[Opening Available records section]
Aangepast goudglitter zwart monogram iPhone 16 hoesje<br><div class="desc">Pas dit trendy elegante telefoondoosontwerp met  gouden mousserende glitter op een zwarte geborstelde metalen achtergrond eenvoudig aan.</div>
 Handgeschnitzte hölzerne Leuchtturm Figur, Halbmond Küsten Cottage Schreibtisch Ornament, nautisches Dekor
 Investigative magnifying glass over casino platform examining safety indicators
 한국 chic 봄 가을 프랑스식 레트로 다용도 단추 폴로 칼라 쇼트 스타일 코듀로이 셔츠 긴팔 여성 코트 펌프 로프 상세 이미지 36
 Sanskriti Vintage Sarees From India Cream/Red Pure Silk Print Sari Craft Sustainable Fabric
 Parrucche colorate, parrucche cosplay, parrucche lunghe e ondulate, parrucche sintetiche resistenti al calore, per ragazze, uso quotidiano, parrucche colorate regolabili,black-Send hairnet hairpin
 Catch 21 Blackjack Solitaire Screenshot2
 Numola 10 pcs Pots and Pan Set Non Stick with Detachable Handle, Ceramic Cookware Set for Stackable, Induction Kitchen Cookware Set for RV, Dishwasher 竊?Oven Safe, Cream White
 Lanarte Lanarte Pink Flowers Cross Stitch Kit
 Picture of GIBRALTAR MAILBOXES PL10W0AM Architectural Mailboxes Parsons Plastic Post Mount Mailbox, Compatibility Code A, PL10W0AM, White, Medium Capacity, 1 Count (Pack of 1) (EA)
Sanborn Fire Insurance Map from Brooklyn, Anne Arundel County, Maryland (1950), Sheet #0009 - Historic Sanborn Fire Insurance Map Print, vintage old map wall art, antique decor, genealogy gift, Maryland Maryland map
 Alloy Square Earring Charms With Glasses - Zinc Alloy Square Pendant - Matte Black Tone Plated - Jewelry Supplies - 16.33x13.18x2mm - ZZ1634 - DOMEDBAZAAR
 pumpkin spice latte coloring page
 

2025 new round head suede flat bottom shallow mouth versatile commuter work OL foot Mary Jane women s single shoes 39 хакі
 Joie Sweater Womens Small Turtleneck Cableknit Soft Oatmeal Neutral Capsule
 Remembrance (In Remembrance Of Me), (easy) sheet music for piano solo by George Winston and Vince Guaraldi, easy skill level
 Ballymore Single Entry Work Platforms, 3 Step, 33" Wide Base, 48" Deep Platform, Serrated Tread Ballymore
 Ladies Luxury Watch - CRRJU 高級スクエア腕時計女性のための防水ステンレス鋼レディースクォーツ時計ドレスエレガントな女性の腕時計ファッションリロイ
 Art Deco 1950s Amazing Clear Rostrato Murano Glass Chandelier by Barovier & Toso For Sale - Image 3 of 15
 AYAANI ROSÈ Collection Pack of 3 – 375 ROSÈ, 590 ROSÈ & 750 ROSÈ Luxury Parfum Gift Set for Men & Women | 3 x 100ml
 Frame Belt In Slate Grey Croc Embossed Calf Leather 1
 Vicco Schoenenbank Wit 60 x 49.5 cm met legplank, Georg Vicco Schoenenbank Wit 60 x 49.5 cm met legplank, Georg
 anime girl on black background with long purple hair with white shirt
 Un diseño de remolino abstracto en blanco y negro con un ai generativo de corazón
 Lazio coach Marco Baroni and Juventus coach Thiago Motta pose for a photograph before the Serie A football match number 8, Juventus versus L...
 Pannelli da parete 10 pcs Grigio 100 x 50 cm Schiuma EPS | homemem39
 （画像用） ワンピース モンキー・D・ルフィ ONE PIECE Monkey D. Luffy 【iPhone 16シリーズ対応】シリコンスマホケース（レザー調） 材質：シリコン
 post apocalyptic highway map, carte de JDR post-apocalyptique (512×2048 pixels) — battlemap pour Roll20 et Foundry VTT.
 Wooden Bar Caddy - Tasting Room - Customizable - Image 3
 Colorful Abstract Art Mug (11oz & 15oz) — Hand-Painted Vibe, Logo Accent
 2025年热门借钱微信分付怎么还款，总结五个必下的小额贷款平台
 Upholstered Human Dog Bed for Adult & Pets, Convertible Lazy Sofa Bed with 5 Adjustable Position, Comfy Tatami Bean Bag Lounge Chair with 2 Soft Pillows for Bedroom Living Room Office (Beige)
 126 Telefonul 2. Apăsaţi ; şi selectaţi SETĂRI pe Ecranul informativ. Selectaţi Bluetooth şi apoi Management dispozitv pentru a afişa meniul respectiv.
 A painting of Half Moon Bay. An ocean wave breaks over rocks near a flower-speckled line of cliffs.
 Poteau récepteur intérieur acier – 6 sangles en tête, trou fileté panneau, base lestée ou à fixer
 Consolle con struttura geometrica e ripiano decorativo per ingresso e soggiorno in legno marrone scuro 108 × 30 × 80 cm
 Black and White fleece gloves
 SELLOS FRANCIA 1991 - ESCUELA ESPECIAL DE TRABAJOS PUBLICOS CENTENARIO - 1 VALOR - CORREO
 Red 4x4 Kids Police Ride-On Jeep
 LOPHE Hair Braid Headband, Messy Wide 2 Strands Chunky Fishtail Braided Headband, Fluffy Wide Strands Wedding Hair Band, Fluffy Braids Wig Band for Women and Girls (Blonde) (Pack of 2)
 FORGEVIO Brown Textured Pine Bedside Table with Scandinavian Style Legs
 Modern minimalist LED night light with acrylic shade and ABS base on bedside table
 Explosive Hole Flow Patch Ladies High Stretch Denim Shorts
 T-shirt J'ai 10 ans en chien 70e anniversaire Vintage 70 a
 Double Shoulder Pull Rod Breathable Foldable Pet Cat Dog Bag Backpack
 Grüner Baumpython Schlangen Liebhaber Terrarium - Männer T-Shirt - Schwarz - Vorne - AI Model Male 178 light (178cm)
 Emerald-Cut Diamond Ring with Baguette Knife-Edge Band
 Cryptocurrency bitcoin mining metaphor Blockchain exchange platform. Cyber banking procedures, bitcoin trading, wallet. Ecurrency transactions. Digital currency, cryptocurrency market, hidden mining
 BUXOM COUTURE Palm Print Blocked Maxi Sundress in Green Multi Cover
[Closing Available records section]
Out of the records above, pick each line that contains the string "Luxury".

 Ladies Luxury Watch - CRRJU 高級スクエア腕時計女性のための防水ステンレス鋼レディースクォーツ時計ドレスエレガントな女性の腕時計ファッションリロイ
 AYAANI ROSÈ Collection Pack of 3 – 375 ROSÈ, 590 ROSÈ & 750 ROSÈ Luxury Parfum Gift Set for Men & Women | 3 x 100ml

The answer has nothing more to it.